Focus & Deep Work

Why Boredom Tolerance Is the Secret to Better Focus

By iDel Published · Updated

Why Boredom Tolerance Is the Secret to Better Focus

Cal Newport argues that the ability to resist the urge for stimulation — to sit with boredom without reaching for your phone — is the foundation of deep focus. Every time you fill a moment of boredom with a quick phone check, you train your brain to expect stimulation at the first sign of discomfort. Over time, this training makes sustained focus on a single task increasingly difficult because the task cannot compete with the novelty and stimulation that your phone provides.
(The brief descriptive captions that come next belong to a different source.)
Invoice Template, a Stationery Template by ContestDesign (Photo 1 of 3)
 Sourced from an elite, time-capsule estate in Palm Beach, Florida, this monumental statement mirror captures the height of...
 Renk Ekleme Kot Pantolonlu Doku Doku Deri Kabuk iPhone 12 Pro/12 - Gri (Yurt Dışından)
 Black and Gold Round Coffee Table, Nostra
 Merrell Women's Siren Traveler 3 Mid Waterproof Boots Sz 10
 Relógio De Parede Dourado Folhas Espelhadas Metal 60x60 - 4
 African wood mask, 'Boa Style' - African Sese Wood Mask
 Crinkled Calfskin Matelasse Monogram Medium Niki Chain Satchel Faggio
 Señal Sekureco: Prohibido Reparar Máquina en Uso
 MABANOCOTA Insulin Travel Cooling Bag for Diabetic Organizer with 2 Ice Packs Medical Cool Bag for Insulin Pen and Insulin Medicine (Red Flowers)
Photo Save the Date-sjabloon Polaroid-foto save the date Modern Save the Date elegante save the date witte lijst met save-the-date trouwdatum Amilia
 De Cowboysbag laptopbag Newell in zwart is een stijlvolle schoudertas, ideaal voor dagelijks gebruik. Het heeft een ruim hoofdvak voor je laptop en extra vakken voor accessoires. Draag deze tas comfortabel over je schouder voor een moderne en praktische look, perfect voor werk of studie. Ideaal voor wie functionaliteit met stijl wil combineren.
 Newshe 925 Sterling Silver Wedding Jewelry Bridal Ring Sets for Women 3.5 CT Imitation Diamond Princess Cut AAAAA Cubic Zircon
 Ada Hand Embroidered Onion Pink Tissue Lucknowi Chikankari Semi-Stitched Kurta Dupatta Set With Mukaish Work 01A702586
How Low Boredom Tolerance Develops

Your brain adapts to its environment. If you check your phone every time you feel a flicker of boredom — in line at the grocery store, waiting for a meeting to start, during a slow moment at work — your brain learns that boredom is a signal to seek stimulation. This creates a low threshold for distraction: the moment a work task becomes even slightly unstimulating, your brain demands a hit of novelty.

The result is an inability to sustain attention on anything that is not immediately engaging. Writing a report requires pushing through dull sections. Learning a skill requires repeating fundamentals. Reading a book requires sustained attention over pages and chapters. All of these activities have boring stretches, and if your boredom tolerance is low, you will abandon them at the first dull moment.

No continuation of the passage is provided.